*Your instructions:* With the material below, print exactly the lines between the line holding "Flat measurements" and the line holding "Made in: Hong", inclusive. Add nothing else.

[Records shown — start]

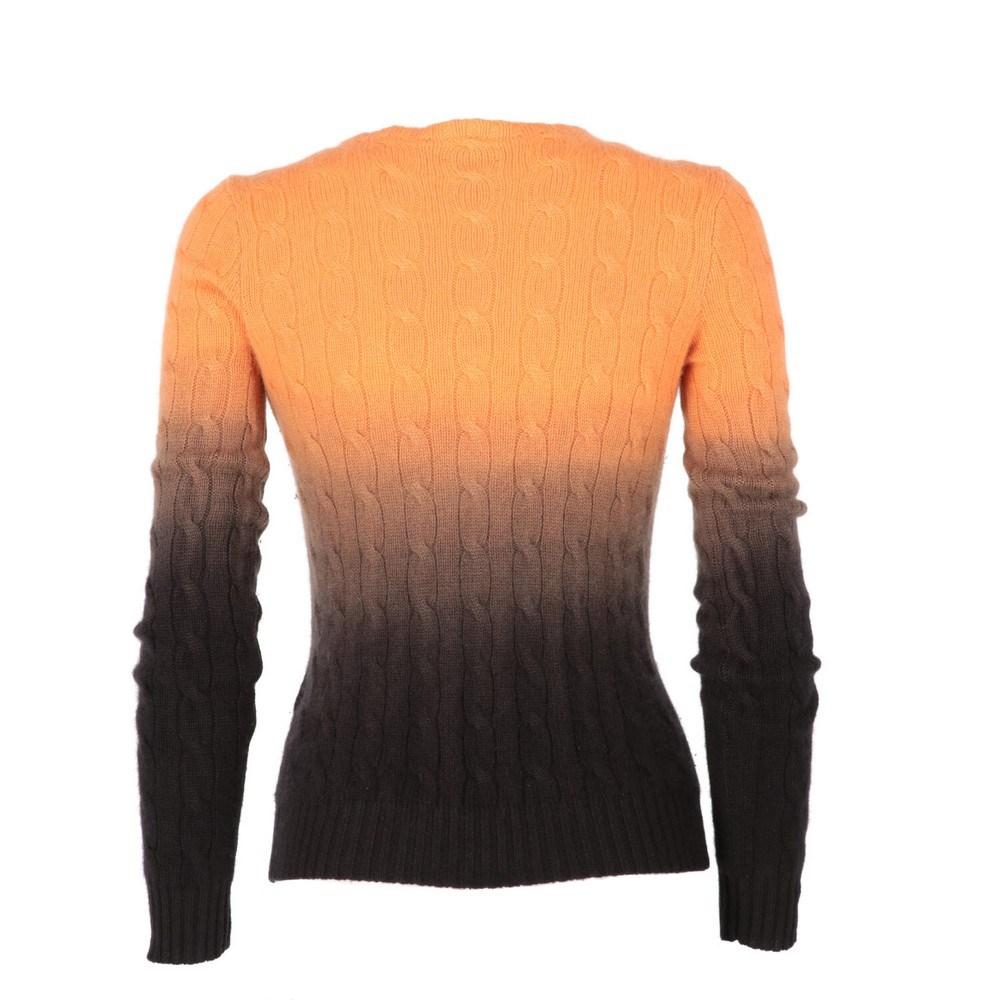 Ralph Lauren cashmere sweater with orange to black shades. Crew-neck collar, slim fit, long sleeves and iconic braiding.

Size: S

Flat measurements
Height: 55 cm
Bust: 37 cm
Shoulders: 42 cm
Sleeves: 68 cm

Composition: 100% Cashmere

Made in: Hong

[Records shown — finish]
[Records shown — start]

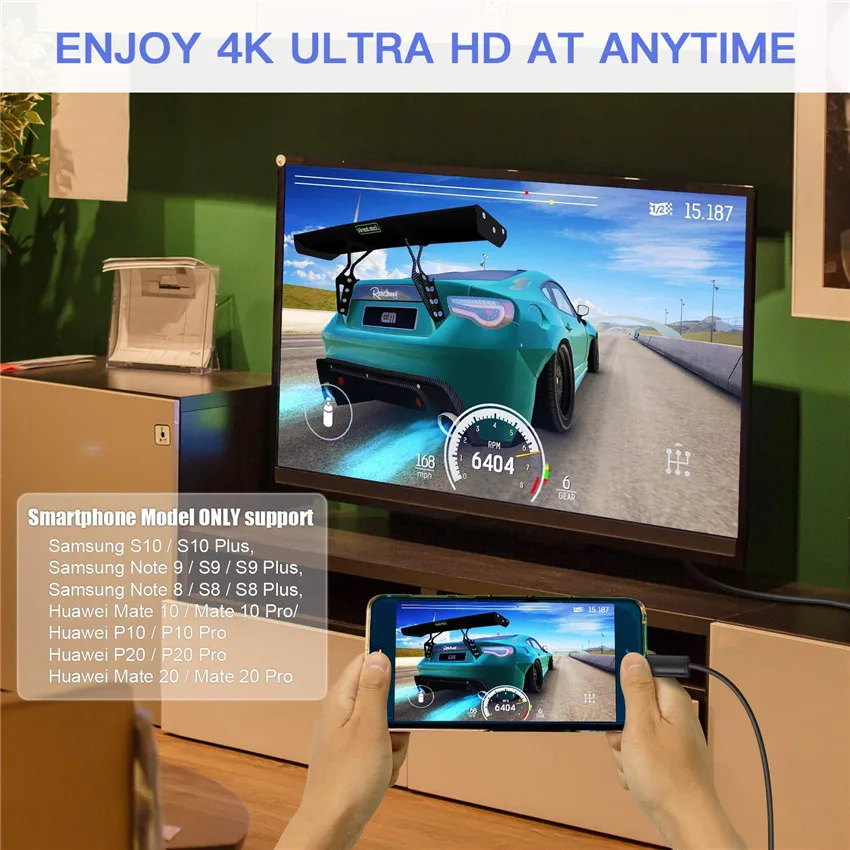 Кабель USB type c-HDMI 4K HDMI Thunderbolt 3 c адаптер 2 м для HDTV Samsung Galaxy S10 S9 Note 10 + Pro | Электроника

[Records shown — finish]

*Answer box:*
Flat measurements
Height: 55 cm
Bust: 37 cm
Shoulders: 42 cm
Sleeves: 68 cm

Composition: 100% Cashmere

Made in: Hong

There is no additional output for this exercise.